● EXERCISE
If a line in the listing contains "Snake", copy it out whole.

● RECORDS PROVIDED
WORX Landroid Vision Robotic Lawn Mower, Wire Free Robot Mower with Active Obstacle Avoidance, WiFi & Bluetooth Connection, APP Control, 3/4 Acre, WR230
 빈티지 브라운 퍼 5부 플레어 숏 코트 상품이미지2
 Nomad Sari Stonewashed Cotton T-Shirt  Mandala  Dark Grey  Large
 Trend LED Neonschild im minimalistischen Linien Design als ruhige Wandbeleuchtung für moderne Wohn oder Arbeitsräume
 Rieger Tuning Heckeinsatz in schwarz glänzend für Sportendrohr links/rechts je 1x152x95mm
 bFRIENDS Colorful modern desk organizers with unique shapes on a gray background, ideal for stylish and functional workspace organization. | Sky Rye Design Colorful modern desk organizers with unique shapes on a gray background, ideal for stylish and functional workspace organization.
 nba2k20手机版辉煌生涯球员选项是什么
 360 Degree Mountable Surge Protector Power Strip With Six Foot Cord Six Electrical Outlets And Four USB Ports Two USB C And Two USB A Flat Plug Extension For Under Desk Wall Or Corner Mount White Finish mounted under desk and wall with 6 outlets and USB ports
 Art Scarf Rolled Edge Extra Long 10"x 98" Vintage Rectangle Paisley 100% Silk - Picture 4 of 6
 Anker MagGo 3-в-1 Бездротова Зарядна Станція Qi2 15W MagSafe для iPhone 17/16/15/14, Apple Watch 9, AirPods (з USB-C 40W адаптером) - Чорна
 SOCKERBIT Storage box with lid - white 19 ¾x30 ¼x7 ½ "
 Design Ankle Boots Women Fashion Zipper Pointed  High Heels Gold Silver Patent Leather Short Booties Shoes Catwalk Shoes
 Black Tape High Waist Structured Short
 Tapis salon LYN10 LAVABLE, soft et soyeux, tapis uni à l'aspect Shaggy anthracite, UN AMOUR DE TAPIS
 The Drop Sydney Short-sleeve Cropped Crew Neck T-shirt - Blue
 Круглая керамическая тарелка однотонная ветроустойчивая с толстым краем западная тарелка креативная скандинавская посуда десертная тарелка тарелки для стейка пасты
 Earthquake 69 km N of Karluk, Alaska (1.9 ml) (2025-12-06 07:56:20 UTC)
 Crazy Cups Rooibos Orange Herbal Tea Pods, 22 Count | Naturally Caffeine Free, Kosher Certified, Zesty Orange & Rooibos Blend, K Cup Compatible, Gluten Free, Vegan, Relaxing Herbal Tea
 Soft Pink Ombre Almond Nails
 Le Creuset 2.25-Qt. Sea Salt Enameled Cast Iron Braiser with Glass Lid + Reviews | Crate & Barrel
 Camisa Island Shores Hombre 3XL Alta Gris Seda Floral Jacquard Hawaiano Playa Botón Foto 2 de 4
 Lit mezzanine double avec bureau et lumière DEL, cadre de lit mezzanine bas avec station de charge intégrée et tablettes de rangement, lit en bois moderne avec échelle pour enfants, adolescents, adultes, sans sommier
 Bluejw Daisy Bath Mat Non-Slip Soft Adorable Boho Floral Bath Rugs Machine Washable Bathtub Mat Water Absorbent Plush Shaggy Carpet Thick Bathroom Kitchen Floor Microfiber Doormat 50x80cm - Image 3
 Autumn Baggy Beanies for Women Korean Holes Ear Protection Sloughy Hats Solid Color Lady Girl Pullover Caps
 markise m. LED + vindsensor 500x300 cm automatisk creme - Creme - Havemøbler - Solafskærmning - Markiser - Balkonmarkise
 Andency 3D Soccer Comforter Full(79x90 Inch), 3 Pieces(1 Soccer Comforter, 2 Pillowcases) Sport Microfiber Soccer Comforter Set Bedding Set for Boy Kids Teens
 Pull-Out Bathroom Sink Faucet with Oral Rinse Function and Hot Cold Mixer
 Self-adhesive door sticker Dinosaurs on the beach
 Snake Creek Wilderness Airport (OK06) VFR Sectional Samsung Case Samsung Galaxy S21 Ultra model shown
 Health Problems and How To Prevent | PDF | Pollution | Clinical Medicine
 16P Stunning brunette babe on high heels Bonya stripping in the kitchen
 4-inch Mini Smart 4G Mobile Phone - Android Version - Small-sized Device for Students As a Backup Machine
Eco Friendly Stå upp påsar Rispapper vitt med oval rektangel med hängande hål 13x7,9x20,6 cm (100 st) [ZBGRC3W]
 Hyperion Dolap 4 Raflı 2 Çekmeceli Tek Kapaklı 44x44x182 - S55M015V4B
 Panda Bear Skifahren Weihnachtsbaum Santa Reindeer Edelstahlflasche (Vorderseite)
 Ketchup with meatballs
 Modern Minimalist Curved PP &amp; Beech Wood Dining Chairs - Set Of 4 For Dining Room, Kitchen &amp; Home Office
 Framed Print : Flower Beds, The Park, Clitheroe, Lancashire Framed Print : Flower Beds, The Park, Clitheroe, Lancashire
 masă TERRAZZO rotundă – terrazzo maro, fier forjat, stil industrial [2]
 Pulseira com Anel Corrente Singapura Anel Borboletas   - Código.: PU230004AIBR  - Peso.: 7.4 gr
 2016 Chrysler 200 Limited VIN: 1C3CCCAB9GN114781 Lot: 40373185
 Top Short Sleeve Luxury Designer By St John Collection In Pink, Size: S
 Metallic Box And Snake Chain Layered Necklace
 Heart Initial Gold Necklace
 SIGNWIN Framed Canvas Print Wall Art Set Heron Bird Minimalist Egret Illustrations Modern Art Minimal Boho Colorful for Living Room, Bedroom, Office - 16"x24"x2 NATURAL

● REPLY TO THE TASK
 Snake Creek Wilderness Airport (OK06) VFR Sectional Samsung Case Samsung Galaxy S21 Ultra model shown
 Metallic Box And Snake Chain Layered Necklace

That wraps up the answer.